* _ACTION ITEM_:
Skip the pictures and restate, word for word, the lines from the one containing "Ein verletzter Polizist" to the end of the data below.

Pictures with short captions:

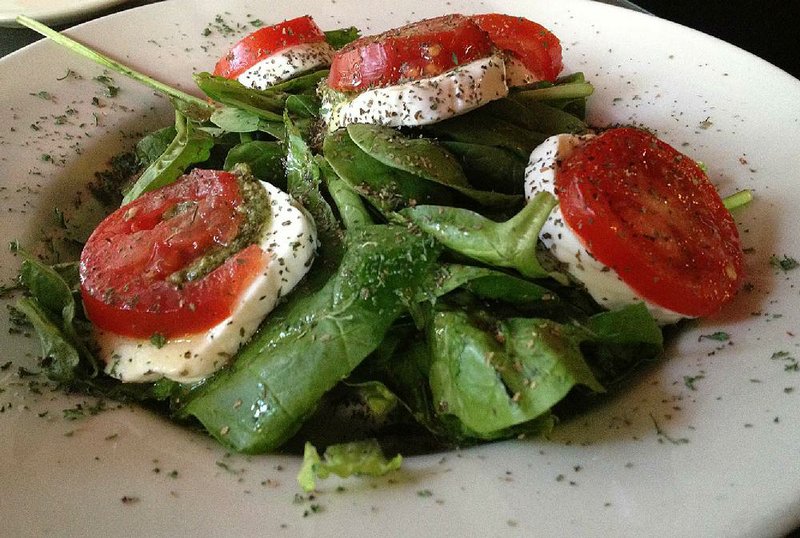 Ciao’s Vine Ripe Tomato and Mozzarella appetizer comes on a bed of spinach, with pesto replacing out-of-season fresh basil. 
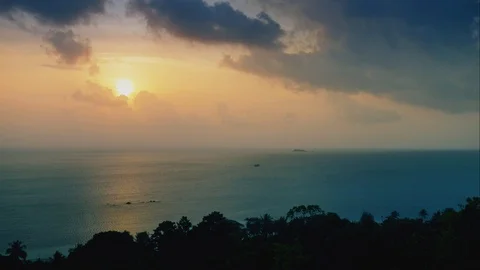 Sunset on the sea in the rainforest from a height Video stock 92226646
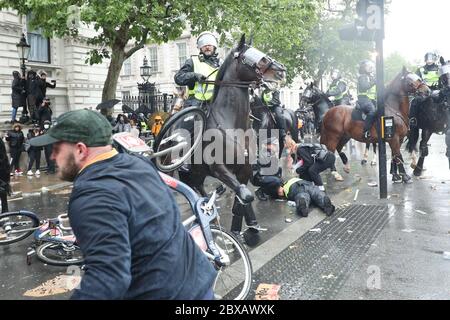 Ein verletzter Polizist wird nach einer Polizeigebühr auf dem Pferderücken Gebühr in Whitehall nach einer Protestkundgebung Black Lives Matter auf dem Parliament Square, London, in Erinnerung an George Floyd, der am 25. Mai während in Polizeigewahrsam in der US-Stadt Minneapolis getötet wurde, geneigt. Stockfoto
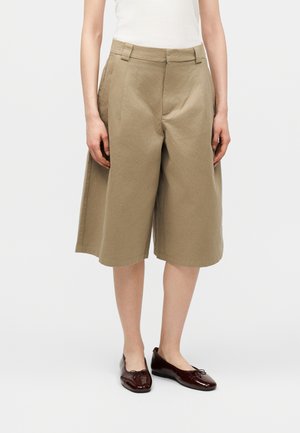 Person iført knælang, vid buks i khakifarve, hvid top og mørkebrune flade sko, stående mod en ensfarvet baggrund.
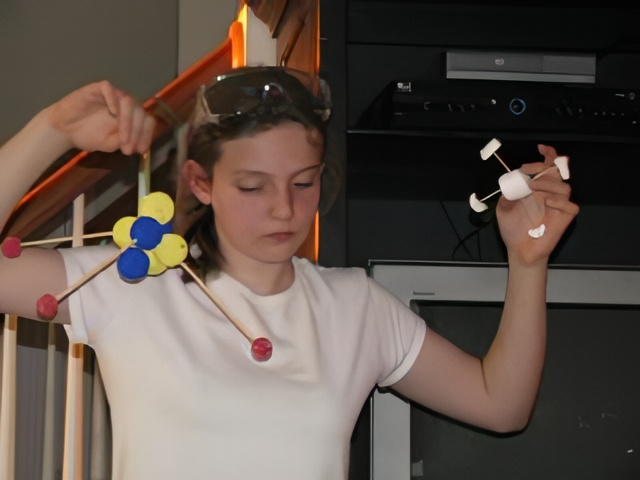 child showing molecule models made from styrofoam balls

* _ANSWER_:
 Ein verletzter Polizist wird nach einer Polizeigebühr auf dem Pferderücken Gebühr in Whitehall nach einer Protestkundgebung Black Lives Matter auf dem Parliament Square, London, in Erinnerung an George Floyd, der am 25. Mai während in Polizeigewahrsam in der US-Stadt Minneapolis getötet wurde, geneigt. Stockfoto
 Person iført knælang, vid buks i khakifarve, hvid top og mørkebrune flade sko, stående mod en ensfarvet baggrund.
 child showing molecule models made from styrofoam balls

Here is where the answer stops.